Gejala penyakit merupakan media kesehatan online terpecaya di Indonesia yang memberikan informasi tentang penyakit dan obatnya serta tips kesehatan.


6 Efek Samping Minum Obat Darah Tinggi Jangka Panjang

Efek samping minum obat darah tinggi biasanya akan dirasakan oleh penderita hipertensi dalam jangka panjang. Namun kondisi tersebut bukanlah suatu alasan bagi anda untuk menghentikan pengobatan menggunakan obat - obatan.

Jika dikonsumsi sesuai dosis maka efek samping biasanya dapat diminimalisir. 

Jika ditemukan efek samping dari mengkonsumsi obat hipertensi, maka sudah seharusnya kondisi ini diperbincangkan dengan dokter ahli dan apoteker tempat anda berobat untuk mengurangi dosis pengunaan atau digantikan dengan jenis obat penurun darah tinggi lainnya.

1. Menimbulkan Kelelahan dan Pusing

Keluhan ini paling umum terjadi terutama pada orang tua.

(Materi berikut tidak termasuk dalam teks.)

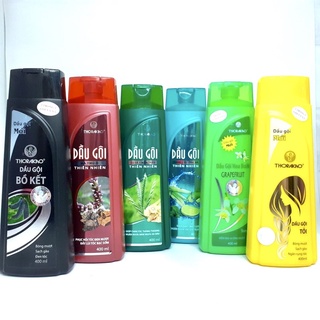 Dầu Gội Thorakao Bồ Kết/ Củ Sả - Mần Trầu/ Hà Thủ Ô/ Hoa Bưởi/ Chanh - Sả - Bạc Hà/ Tỏi 400ml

Kondisi ini dapat terjadi dikarenakan ketika tekanan dalam darah tinggi, kemudian diturunkan secara drastis maka akan terjadi pengurangan aliran darah di seluruh pembuluh darah organ tubuh. 

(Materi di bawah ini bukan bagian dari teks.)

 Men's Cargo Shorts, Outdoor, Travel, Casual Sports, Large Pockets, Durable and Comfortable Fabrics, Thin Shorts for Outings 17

Sehingga, penderitanya akan menimbulkan rasa lelah dan pusing. Solusinya adalah hindari minum obat ketika menjalani aktivitas berat, sebaiknya setelah mengkonsumsi obat lakukan istirahat dan aktivitas ringan.

2. Perubahan Irama Jantung

Dalam dunia medis, perubahan irama jantung secara tak teratur dikenal dengan istilah aritmia jantung. Biasanya obat hipertensi yang dapat menimbulkan efek samping semacam ini dari golongan diuretik seperti calcium channel blockers dan beta blockers.

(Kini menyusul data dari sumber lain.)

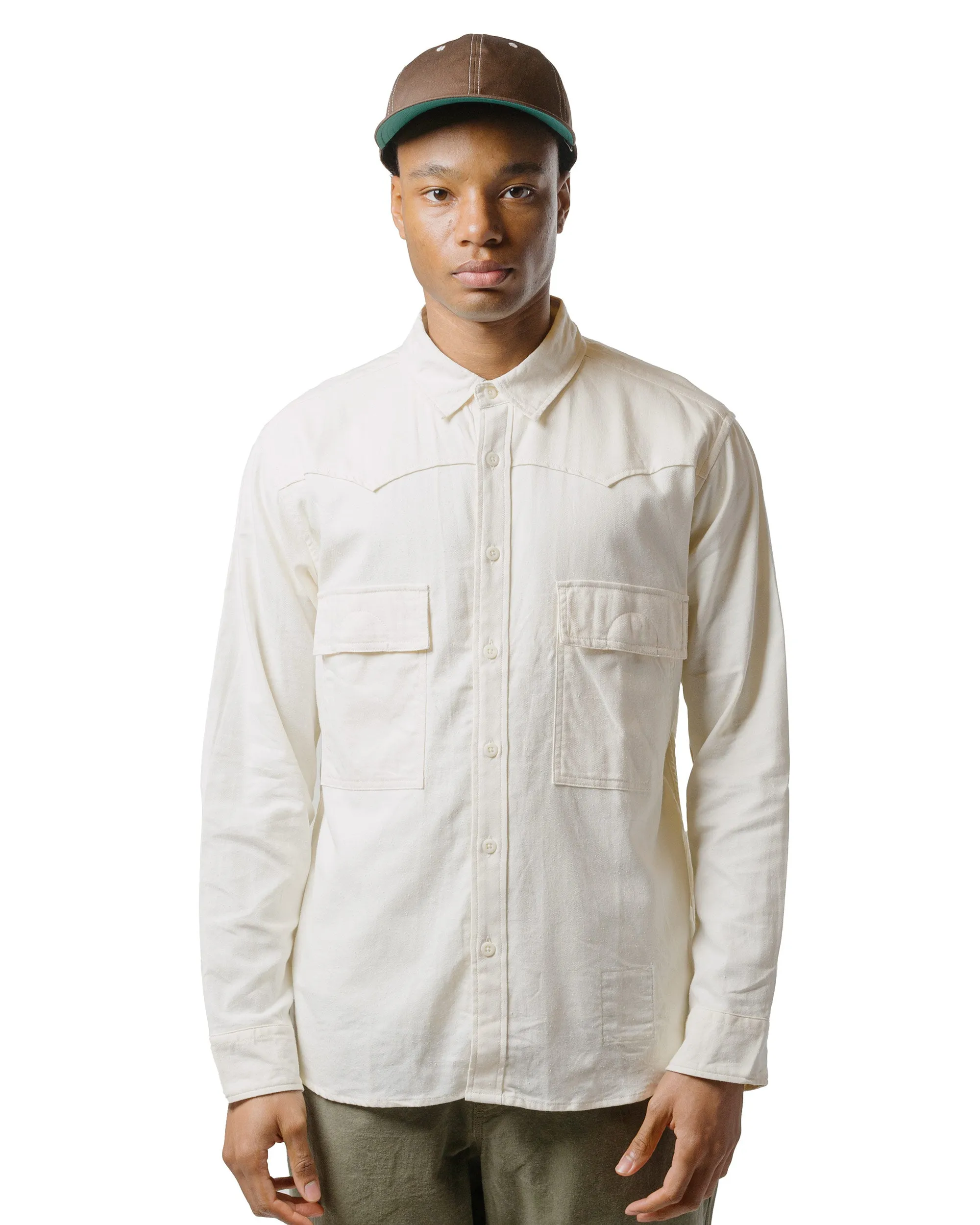nonnative Explorer Shirt Cotton Silk Nep Twill Off White sold by Lost & Found product image thumbnail 2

Obat tersebut dapat menurunkan tekanan darah dan mengurangi kadar kalium dalam tubuh. Akibatnya denyut jantung dapat melambat, perubahan irama jantung dan ekanan darah menurun.

3. Batuk

Golongan obat ACE inhibitors memang sangat efektif dalam menurunkan tekanan dalam darah. Akan tetapi, sekitar 10 hingga 15 persen dari penderita hipertensi akan menimbulkan gejala batuk secara terus menerus.

Jika batuk tak kunjung berhenti, maka perlu ditindak lanjuti guna mencegah reaksi obat semakin parah. Biasanya, dokter akan mengantikan jenis obat dengan lainnya seperti accupril, altace, capoten dan sebagainya.

4. Sering Buang Air Kecil

Jenis obat diuretika seperti hydrochlorotiazide dapat menimbulkan efek samping meningkatnya cairan seni di kandung kemih. Minum obat darah tinggi pagi atau malam ? Untuk jenis ini, sebaiknya dikonsumsi di waktu pagi dan siang hari.

5. Retensi Cairan

Biasanya, mereka yang mengalami gangguan jantung akan merasakan efek samping dari obat penurun darah tinggi. Retensi cairan akan terjadi terutama pada bagian kaki akan membengkak dan terasa sakit. Jika anda penderita jantung, konsultasikan kondisi anda saat ini kepada dokter. Sehingga, dokter akan memberikan obat sesuai dengan kondisi tubuh.

6. Alergi

Kondisi ini jarang terjadi dan hanya sebagian kecil ditemukan kasus reaksi alergi setelah minum obat hipertensi dari jenis inhibitor ACE atau angiotensin reseptor blocker. Reaksi alergi tampak parah ketika munculnya pembengkakan di wajah dan tenggorokan. Jika kondisi ini terjadi pada diri anda, maka segeralah menghubungi dokter.

Karena dapat berakibat menghalangi saluran udara masuk ke paru - paru jika tidak segera ditangani.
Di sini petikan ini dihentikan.